Nello stesso articolo citato all’inizio, don Nitoglia riporta un giudizio su Hitler del Cardinal Faulhaber, tratto da un libro di Giovanni Miccoli in cui si sostiene che il porporato, dopo aver incontrato il Führer nel 1936, scrisse “di essersi trovato davanti non a un Nerone, ma a un grande e serio uomo di Stato”.
Non ho sotto mano il libro di Miccoli e non posso quindi controllare la citazione[7]. Però, sempre sull’articolo della CIVILTÀ CATTOLICA citato finora[8], è possibile leggere quest’altro giudizio del Cardinal Faulhaber, espresso nel 1938 (giudizio che, parimenti, non dovrebbe essere ignoto a don Curzio):
“Si dice che da noi non si bruciano né si profanano le chiese. Ma quando in Baviera si chiudono in un momento, senza concedere alcun respiro, 82 scuole medie (Höhere Schulen) di Ordini religiosi con 15 mila alunni, si inferisce alla vita religiosa un colpo più grave di un incendio in qualche chiesa”.
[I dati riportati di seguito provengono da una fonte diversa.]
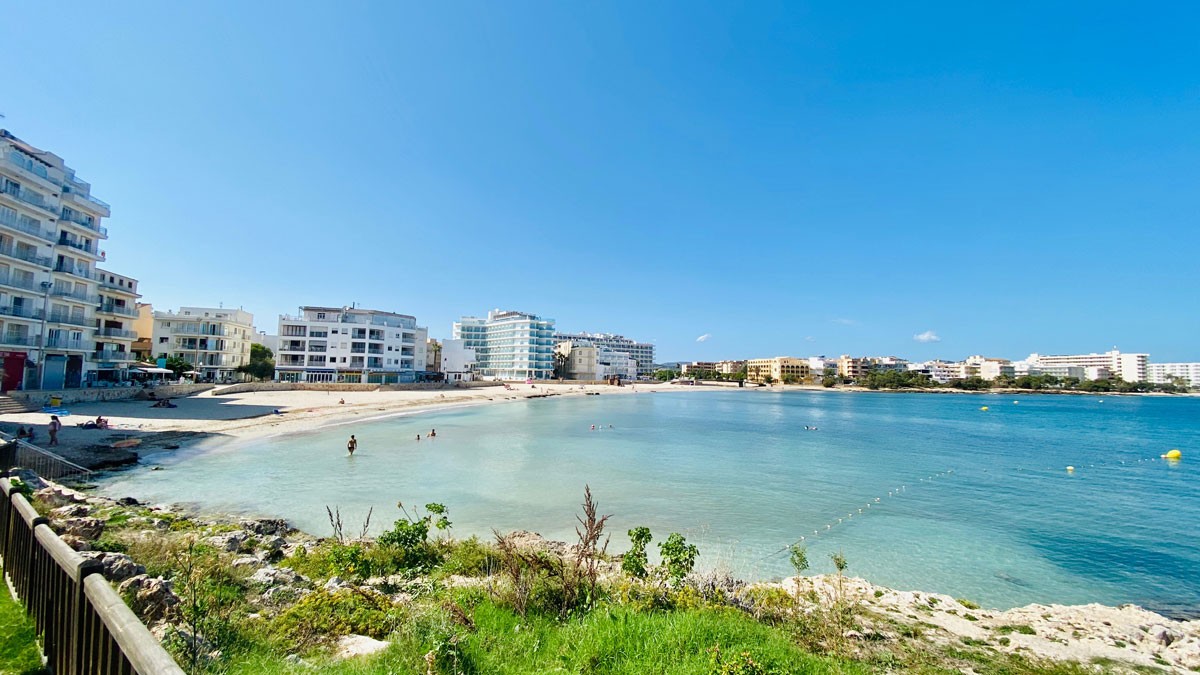Strand mit Promenade von S'Illot an der Ostküste von Mallorca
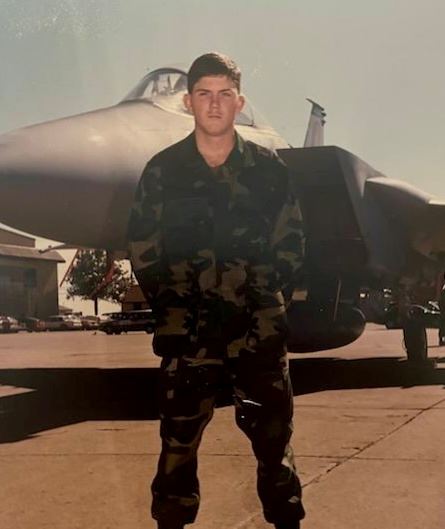 <i class="material-icons" data-template="memories-icon">chat_bubble</i><br/>Thomas Nathan Jackson, Air Force, <br/>Born 3/14/1975<br/>Passed on 5/3/2008<br/>Posted by: Dad<br/><div class='remember-wall-long-description'>Merry Christmas son. Miss you.</div><a class='btn btn-primary btn-sm mt-2 remember-wall-toggle-long-description' onclick='initRememberWallToggleLongDescriptionBtn(this)'>Learn more</a>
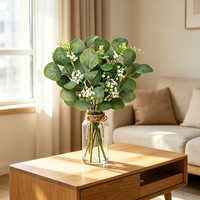 Feuillage artificiel d'eucalyptus avec fleurs artificielles blanches pour arrangements floraux de mariage, décoration de fête à domicile, vente en gros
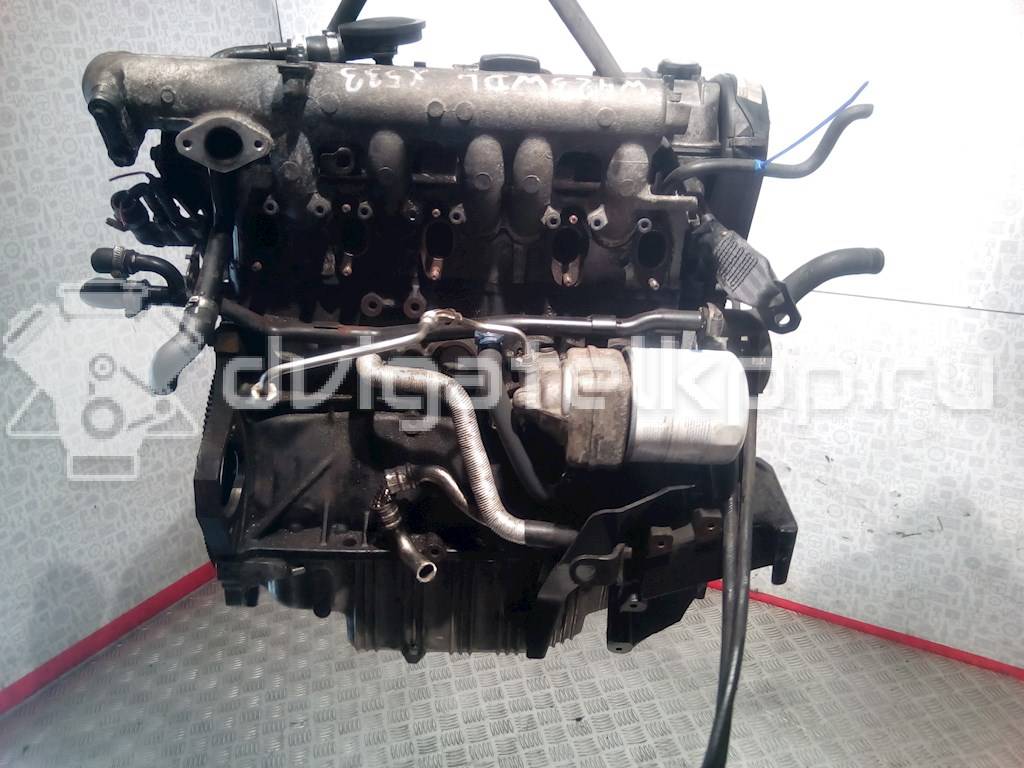 Фото Контрактный (б/у) двигатель D 5252 T для Volvo S80 / 850 / S70 Ls / V70 140 л.с 10V 2.5 л Дизельное топливо {forloop.counter}}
[1] http://www.doncurzionitoglia.com/chiesa_e_nazismo.htm
[2] “La gioventù nella Germania razzista e totalitaria”, in LA CIVILTÀ CATTOLICA, 2 Aprile 1938, Quaderno 2107, p. 4.
[3] Ivi, p. 6.
[4] Ivi, pp. 7-8.
[5] Ivi, p. 9.
[6] Ivi, pp. 10-11.
[7] Compito doveroso specie quando, come nel caso del Miccoli, si tratta di autori ostili a Pio XII e alla Chiesa.
[8] “La gioventù nella Germania razzista e totalitaria”, cit., p. 13, nota 1.